__Task item__. Please set down only the lines below starting with the line with "Foto del edificio - 36 Stoney Brook Rd" and going on through the line with "Stati Uniti d'America", verbatim and without pictures.

__Material for the task__.
______________________________
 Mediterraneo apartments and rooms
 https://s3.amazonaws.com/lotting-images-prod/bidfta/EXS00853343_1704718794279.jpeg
______________________________
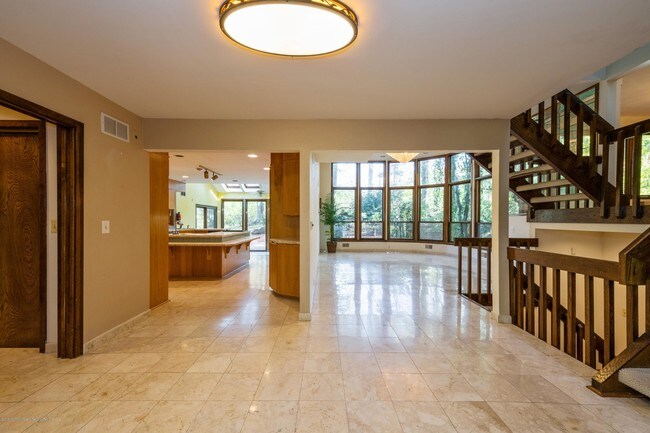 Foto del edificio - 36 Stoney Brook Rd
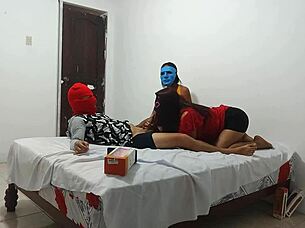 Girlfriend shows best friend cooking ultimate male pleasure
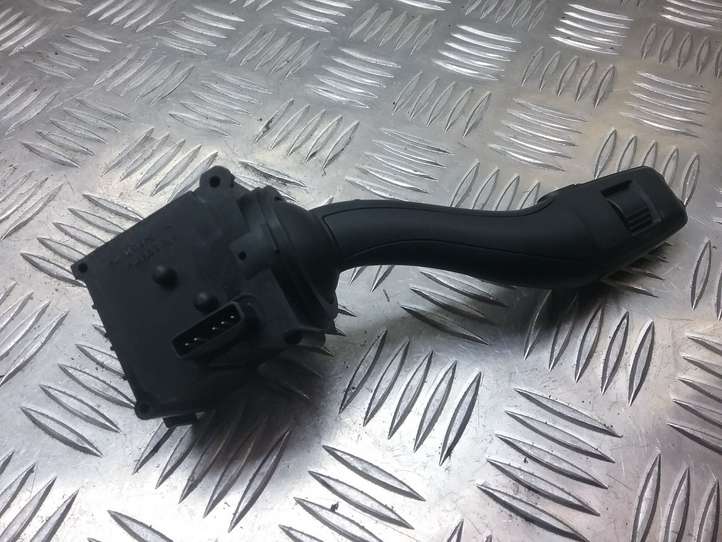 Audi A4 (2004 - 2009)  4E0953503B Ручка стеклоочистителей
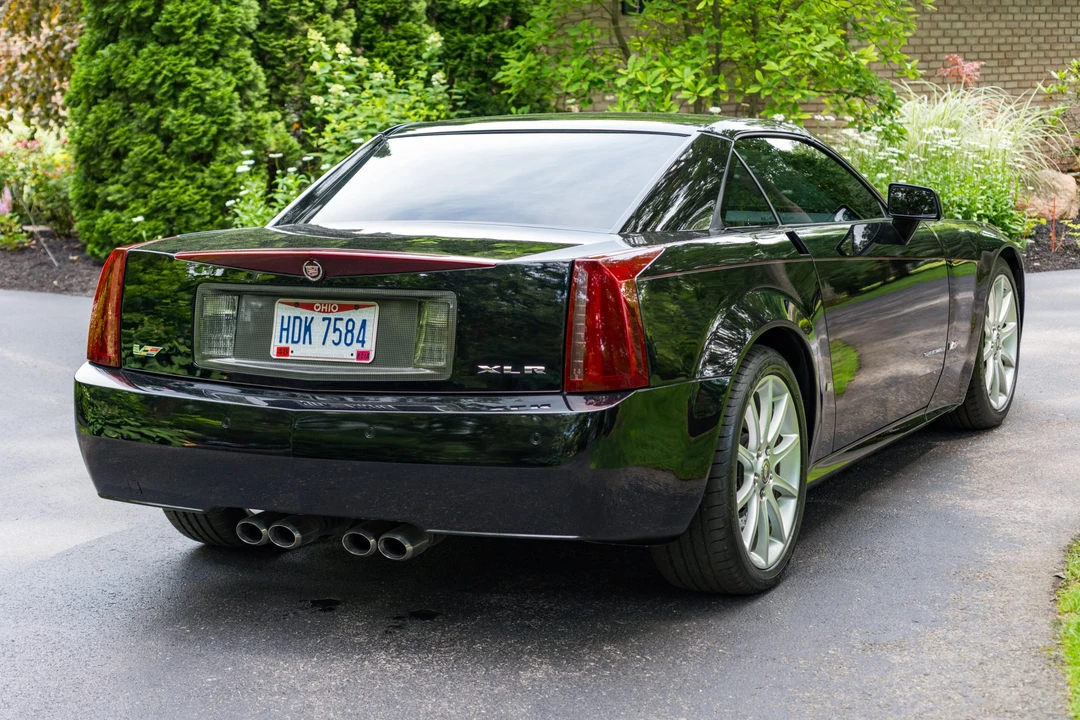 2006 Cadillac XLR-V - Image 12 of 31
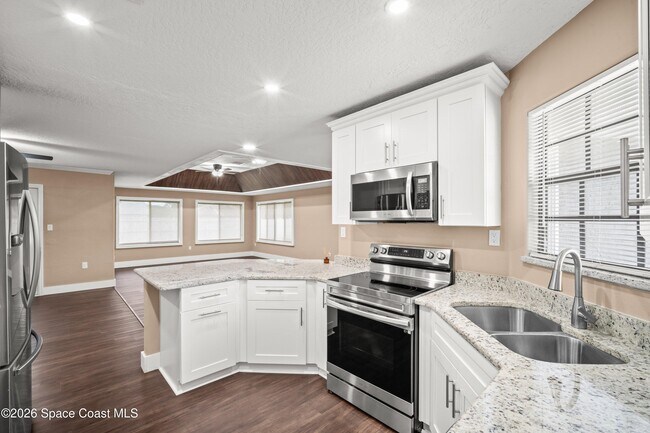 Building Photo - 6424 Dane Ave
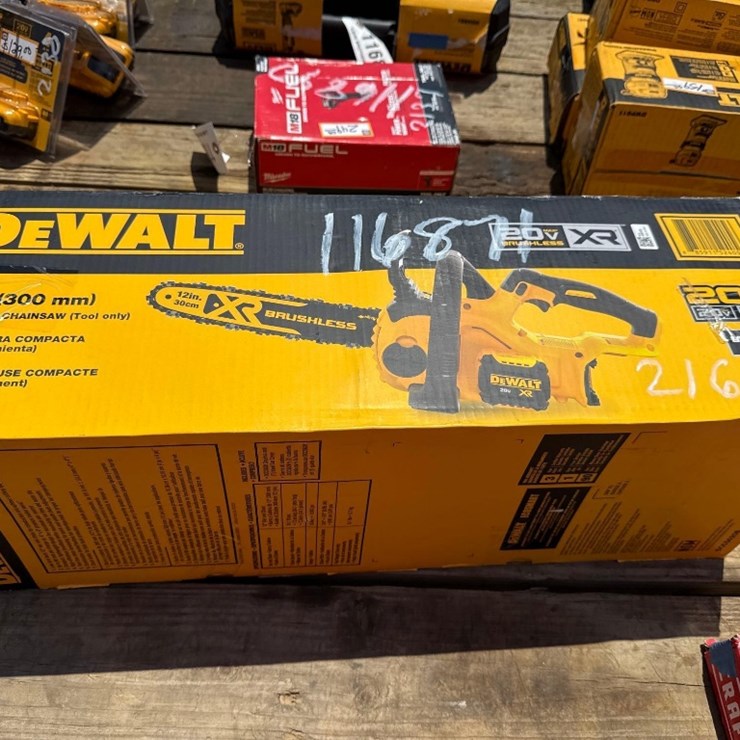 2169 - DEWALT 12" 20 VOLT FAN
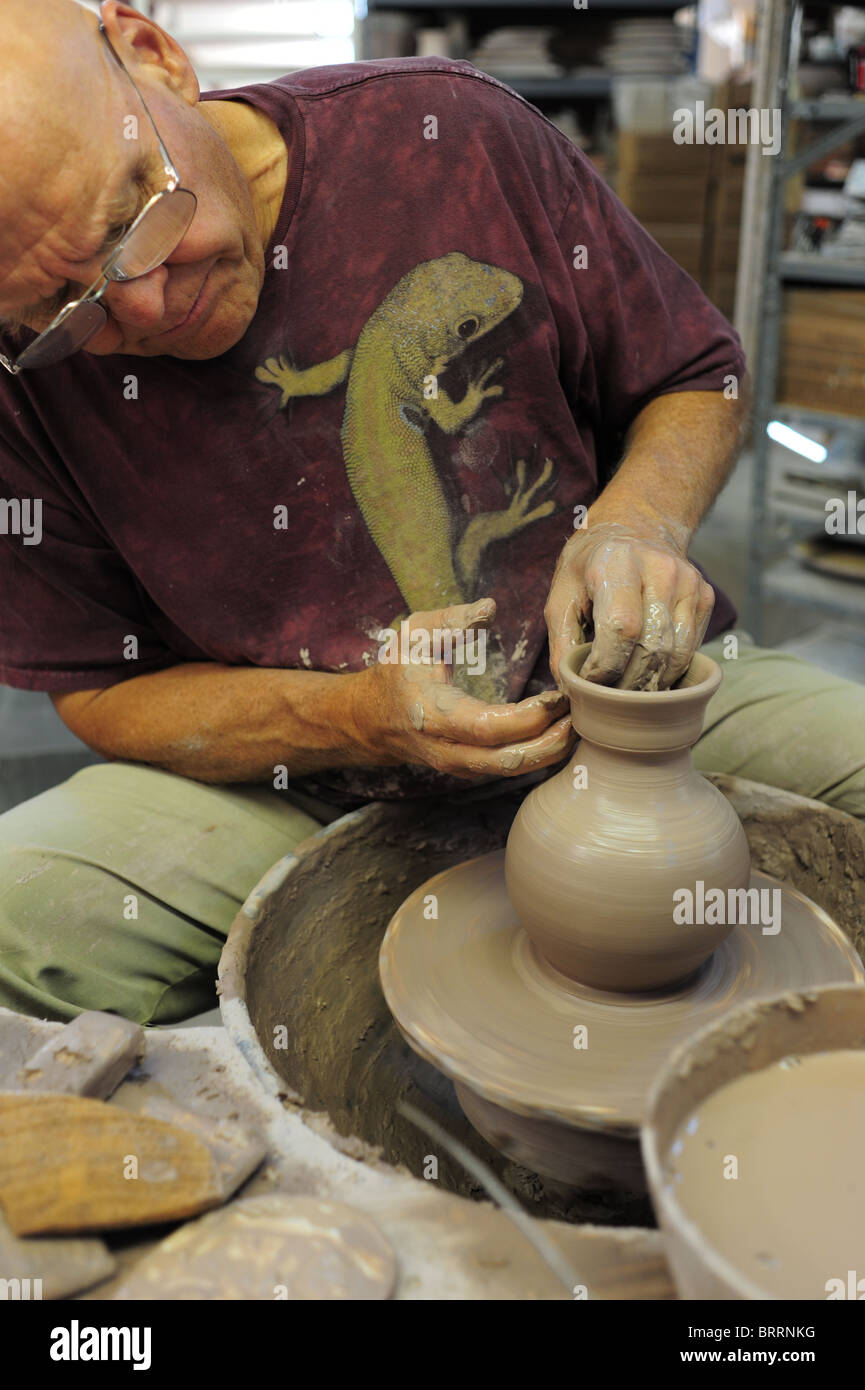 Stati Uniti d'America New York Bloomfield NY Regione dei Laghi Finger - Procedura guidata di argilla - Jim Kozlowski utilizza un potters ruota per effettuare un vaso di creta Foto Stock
______________________________
__Answer for the task__.
 Foto del edificio - 36 Stoney Brook Rd
 Girlfriend shows best friend cooking ultimate male pleasure
 Audi A4 (2004 - 2009)  4E0953503B Ручка стеклоочистителей
 2006 Cadillac XLR-V - Image 12 of 31
 Building Photo - 6424 Dane Ave
 2169 - DEWALT 12" 20 VOLT FAN
 Stati Uniti d'America New York Bloomfield NY Regione dei Laghi Finger - Procedura guidata di argilla - Jim Kozlowski utilizza un potters ruota per effettuare un vaso di creta Foto Stock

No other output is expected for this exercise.